== Source material ==
####

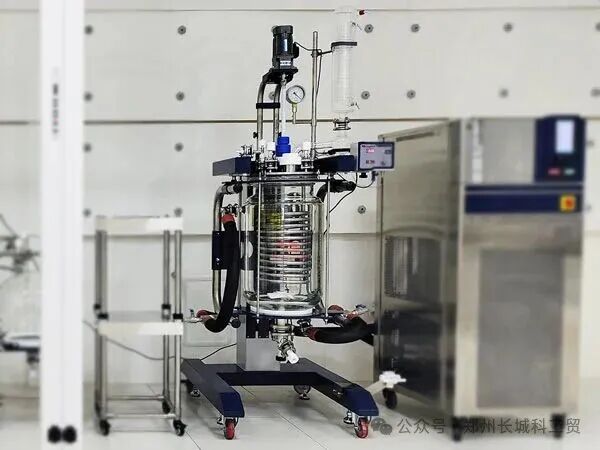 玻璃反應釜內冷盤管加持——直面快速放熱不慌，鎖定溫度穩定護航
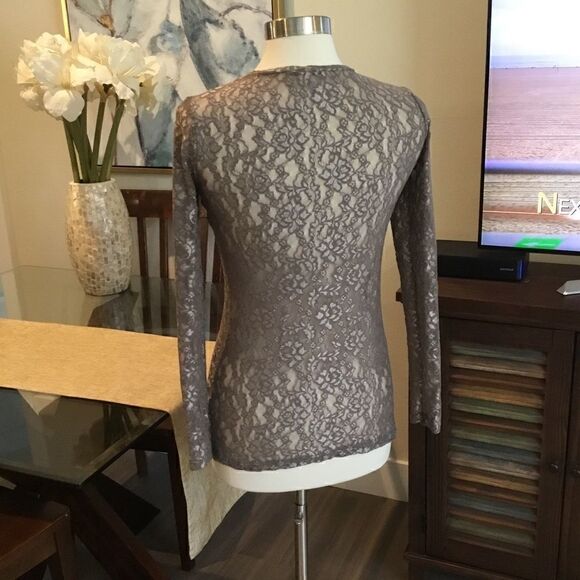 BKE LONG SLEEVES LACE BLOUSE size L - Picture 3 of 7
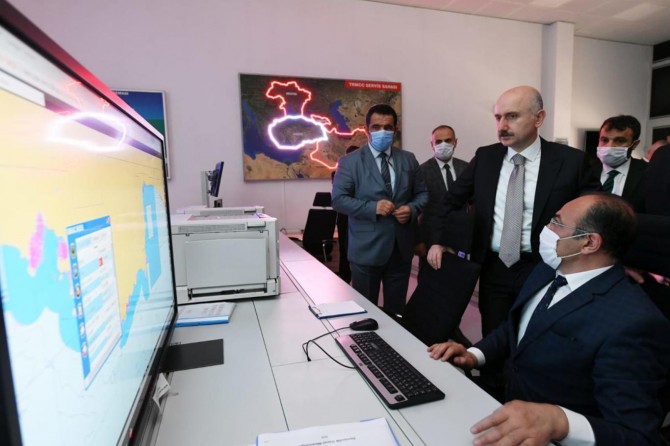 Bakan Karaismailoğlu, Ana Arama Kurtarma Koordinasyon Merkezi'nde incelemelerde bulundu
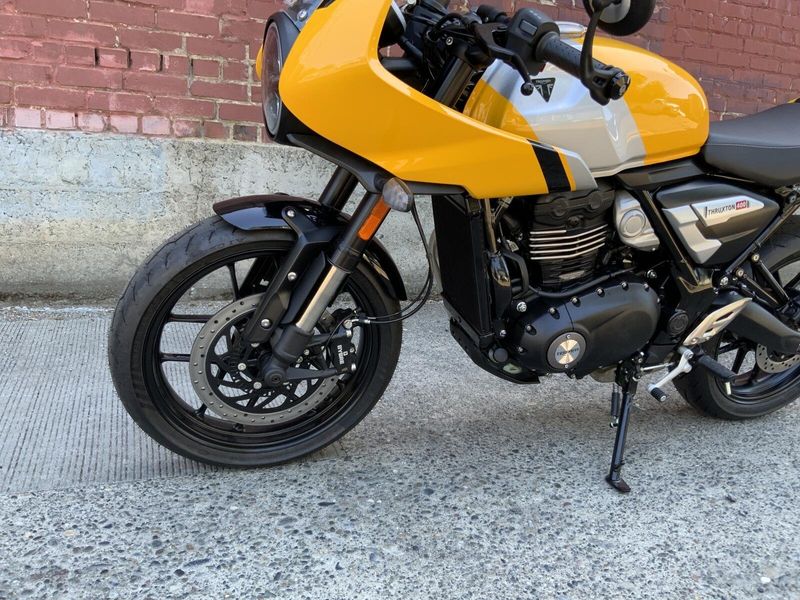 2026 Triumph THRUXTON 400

####

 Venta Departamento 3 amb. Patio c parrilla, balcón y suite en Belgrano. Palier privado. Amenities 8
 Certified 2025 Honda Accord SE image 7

####

== Task item ==
Reproduce word for word the material above, starting with the line that has "Venta Departamento 3" and stopping after the line that has "Certified 2025 Honda Accord SE image 7".

== Output for this task ==
 Venta Departamento 3 amb. Patio c parrilla, balcón y suite en Belgrano. Palier privado. Amenities 8
 Certified 2025 Honda Accord SE image 7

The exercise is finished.